There are more than 24 species in the genus of Vespa wasps but allergens are only found in the venoms of Vespa crabro [6], [7]. Due to poor diagnostic facilities and a lack of medical alertness, allergy to Vespa wasps may be underestimated. Few allergens have been identified from Vespa wasps. They are Vesp c 5 (Antigen 5) and Vesp c 1 (Phospholipase A1) [6], [7]. However, these two allergens' allergenicity is poorly understood.
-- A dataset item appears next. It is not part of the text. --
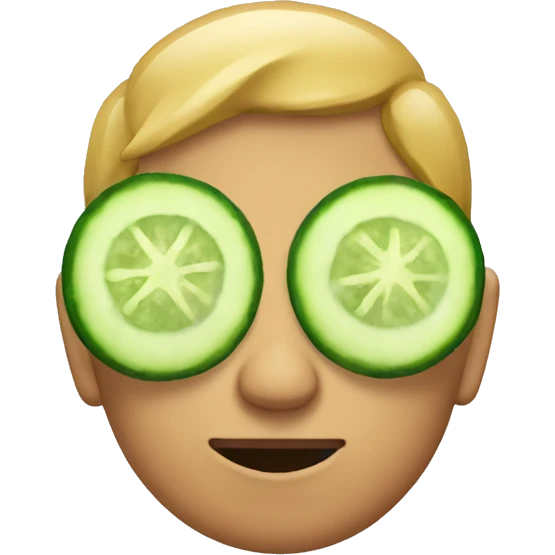 An emoji relaxing with cucumbers on eyes emoji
Furthermore, considering coexistent anaphylaxis to Diptera and Hymenoptera, concomitant sensitization to Hymenoptera venoms in subjects allergic to horseflies seems to be frequent (The wasp-horsefly syndrome) [8]–[10]. However, no cross-reactive allergens, which contribute to the coexistent anaphylaxis to Vespa wasp and horsefly, are known.
Many active compounds with anti-coagulation, anti-platelet, anti-inflammation, and immunosuppressant activities were isolated from the Vespa wasp, Vespa magnifica [11]–[15]. However, no allergens from the venom of V. magnifica have been purified and characterized. In the present study, we purified and characterized two novel allergens that we named Vesp ma 2 and Vesp ma 5 from the venom of V. magnifica and investigated their allergenicity.
Materials and Methods
Ethics Statement
The study protocol was approved by the ethics committee of the Institutional Review Board of the Kunming Institute of Zoology, Chinese Academy of Sciences.Written informed consent for the use of blood samples and skin test were obtained from all participants before study entry. We also obtained written informed consent from the next of kin, carers or guardians on the behalf of the minors/children participants involved in our study.
Patient selection
Sera were obtained from 33 subjects with wasp allergy, 12 children age 6 to 18 years (mean 12.6 years) and 21 adults age 19–61 years (mean 41.2 years). They share similar allergic reactions including some of the symptoms of itch, urticaria, angioedema, bronchial constriction, shock, pharyngeal constriction, shortness of breath, unconsciousness, nausea, vomiting, shivers, and profuse perspiration. Twenty control sera were from individuals who had negative horsefly bite and wasp stinging tests. Sera were obtained from 37 subjects with horsefly allergy in our previous study [16]–[17], 17 children (46%) age 6 to 18 years (mean 12.1 years) and 20 adults (54%) age 19–59 years (mean 37.6 years), with immediate allergic reactions after the bites of T. yao. All sera were stored at −80°C.
Collection of horsefly and SGE preparation
The procedures for the preparation of SGE (about 60 000, average weight 0.17 g) from 10 kg horseflies of T. yao Macquart and collection of horseflies were performed according to our previous reported method [16]–[17]. The salivary glands were excised and transferred into 0.1 M phosphate buffer solution, pH 6.0 (PBS), and homogenized in the same solution containing protease inhibitor cocktail and centrifuged at 5000 g for 10 min. The supernatant was termed SGE and lyophilized. 4.1 g total lyophilized SGE sample was obtained.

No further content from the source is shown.